Desde que el monstruo irrumpiera acechando entre las altas copas de los cipreses, oculto tras la madreselva y a veces tras el árbol anciano que acariciaba con sus ramas retorcidas las aguas del estanque, todos en el reino de las hadas se hallaban compungidos y temiendo por su princesa; el monstruo la perseguía como una sombra, callada y grotesca, que parecía alimentarse de los temores que despertaba en cuantos sufrían por el destino de la pequeña haciéndose más y más grande, más y más sombra.

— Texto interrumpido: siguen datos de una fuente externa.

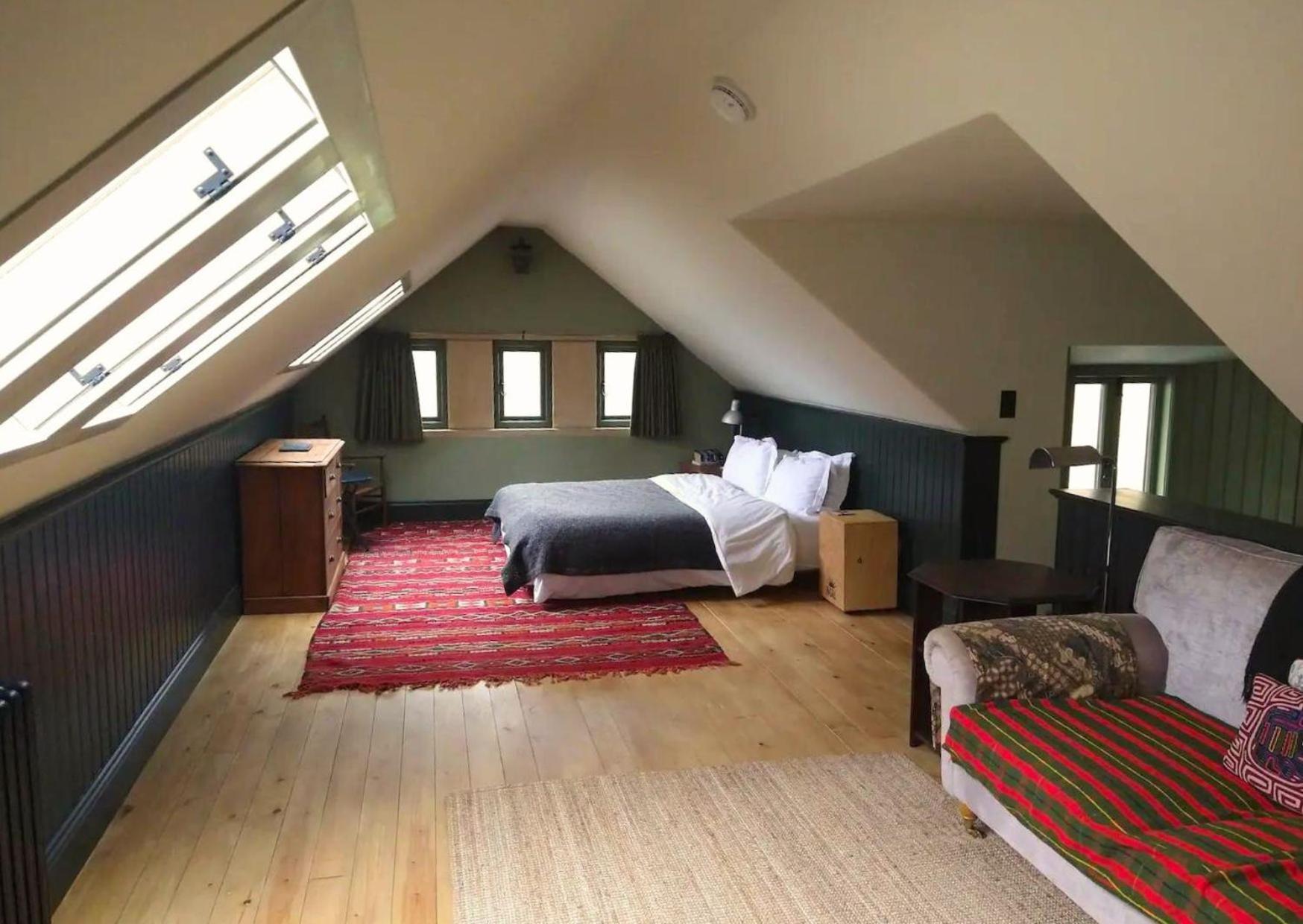 Woodlands House Villa Giggleswick Ngoại thất bức ảnh
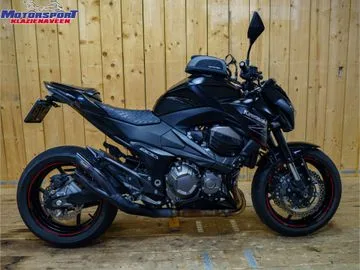 KAWASAKI Z (2013) — foto 1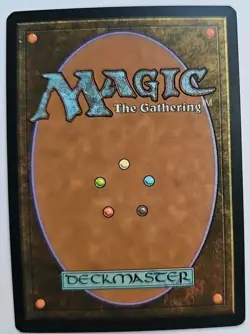 MTG Magic The Gathering Card Rusted Relic Artifact Scars Of Mirrodin - Image 2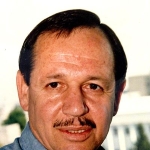 Gideon Sagi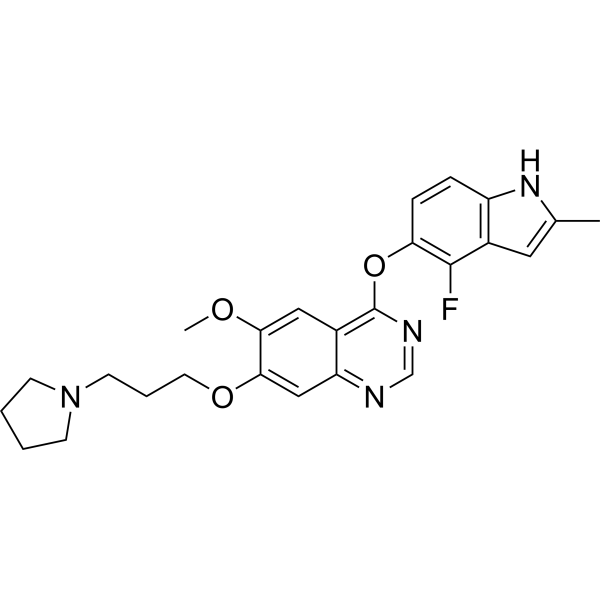 Cediranib (Standard)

La princesa hada contempló los rostros pesarosos de sus padres, para quienes los altos tronos labrados sobre el liquen esmeralda habían perdido cualquier valor, la melancolía que apagaba el brillo facetado de las alas del resto de las hadas, algunas arrebujadas como capullos en lo profundo de troncos huecos, y desplegó las suyas, brillantes y majestuosas como las de una mariposa de cristal. Alzó su frente, sin miedo, adentrándose en la espesura para hacer frente a la amenaza del monstruo.
– Eres una princesa, Ada – le dijo su padre con el corazón en un puño mientras el fármaco de la quimioterapia se abría paso por entre sus pequeñas venas, sin saber que estaba hablando con la más valiente de las hadas del bosque.